Tuesday, January 28, 2014

Short Takes

Mark Anthony Neal interviews Claudia Milian about her new book, LATINING AMERICA, for Left of Black. In the interview, Milian addresses Mark Anthony Neal's question about the difference between "blackness, brownness, and dark brownness." Watch the engaging interview via The Root website here. The segment with Milian starts at 3:56.

The Utne Reader has an excerpt from AMERICAN AFTERLIFE up on its website. Learn about memorial tattoos here.

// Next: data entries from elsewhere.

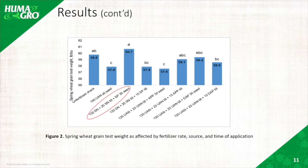In Figure 2, when she tested the wheat grain weight, treatment three also showed the highest spring wheat grain test weight.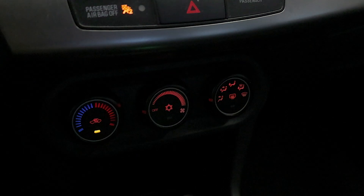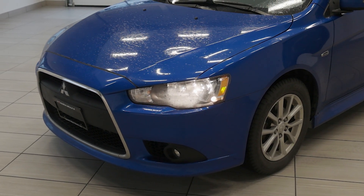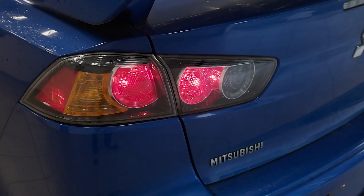The exterior design is complemented by its aggressive front grille, 16-inch alloy wheels, and sleek profile, giving the Lancer a distinctive sporty look.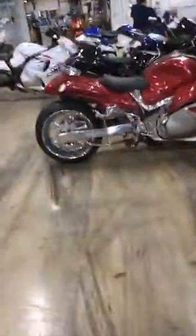The red bike with the red windshield — I will show you that bike. It is not for sale, though.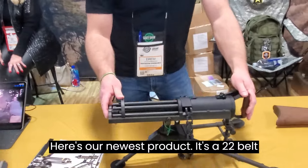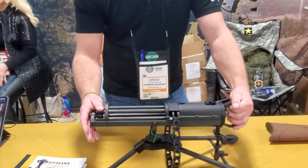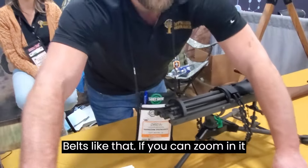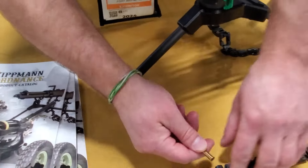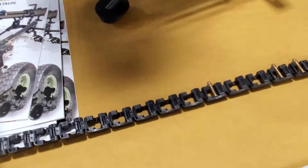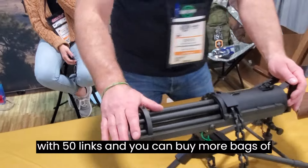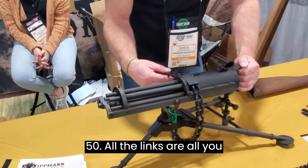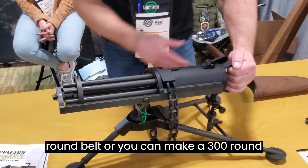Here's our newest product — it's a 22 belt-fed Gatling gun. Everybody asks how the round feeds: you just take your round and snap it in, just like that — nice and easy, super simple. It comes with 50 links and you can buy more bags of 50. All the links are compatible, so you can make a 50-round belt or you can make a 300-round belt.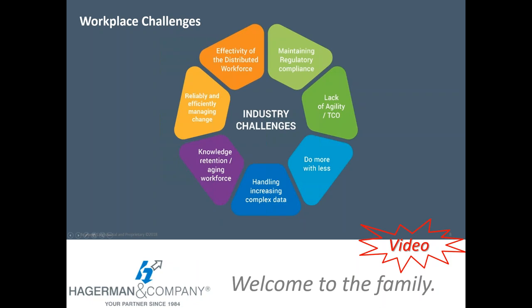Some of the workplace challenges that Meridian helps customers address include managing and maintaining regulatory compliance, lack of agility, doing more with less, handling increasingly complex data, dealing with knowledge retention and aging and retiring workforces, managing change, and effectively working with a workforce that's more and more distributed and mobile. Those may be some of the hot buttons your organization is dealing with. We've got a quick two-minute video giving an overview of how Meridian addresses some of these challenges.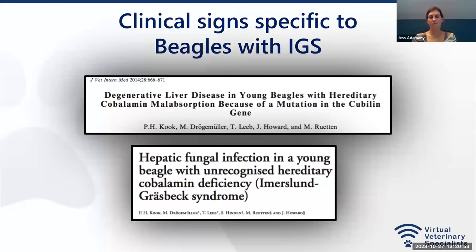IGS is difficult to diagnose because the signs are vague, except in beagles who have hepatic inflammation and fibrosis thought to be due to increased homocysteine — it's been shown in rats that increased homocysteine can result in hepatic inflammation and fibrosis. These beagles were also getting fungal infections in the liver. So having a young beagle presenting frequently for hepatic fibrosis or inflammation and fungal infections, if you don't know about this disease, you might not be able to diagnose it. Following diagnosis and treatment, most unfortunately did pass away, possibly due to the disease being undiagnosed for too long.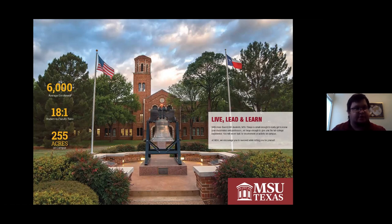Midwestern State pretty much looks like this throughout — a nice open green space of about 255 acres. It's a beautiful campus. It's comfortable. I enjoyed living there and living around it when I lived off campus. It's a comfortable university to attend, and it's nice and quiet — a really good atmosphere to get your degree in.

The Island Packet features an interview with Andrea Feeser about her new book, RED, WHITE, AND BLACK MAKE BLUE. In the article, Feeser explains how she attempted to dye a garment using indigo:
Feeser conducted archival research in South Carolina and also traveled to England on a grant from Clemson to do research. She even enlisted the help of two of her colleagues to dye a garment the way slaves would have originally done.
"When we pulled it out of the vat it was a greenish-yellow color, but then as the oxygen made its way into the dye, it was absolutely gorgeous watching that transformation," Feeser said. In her book she writes that "watching the transformation is not unlike watching time-lapse photography of a flower blossoming: One thing becomes another slowly enough to mesmerize and quickly enough to thrill. In short, it seems magical."
"The Junto: A Group Blog on Early American History" praises THE LARDER for offering a solid argument about food studies:
These essays do more than merely entertain; they challenge and encourage deep thinking about food. Early Americanists will be grateful that these pieces complement new work in food history, hopefully heralding longer contributions in the form of forthcoming books.
THE DANCE BOOTS author Linda LeGarde Grover makes Indian Country Today's list of "worthy yet lesser-known American Indian female fiction writers.

Congratulations, Frank X Walker! The TURN ME LOOSE poet is one of five finalists for outstanding literary work--poetry for the 45th annual NAACP image awards. The winners will be announced February 21(non-televised categories) and 22 (televised categories). More information is available here.

CHICKEN DREAMING CORN author Roy Hoffman recounts his dancing experiences from childhood to present day in a recent piece for the New York Times. The essay is available here.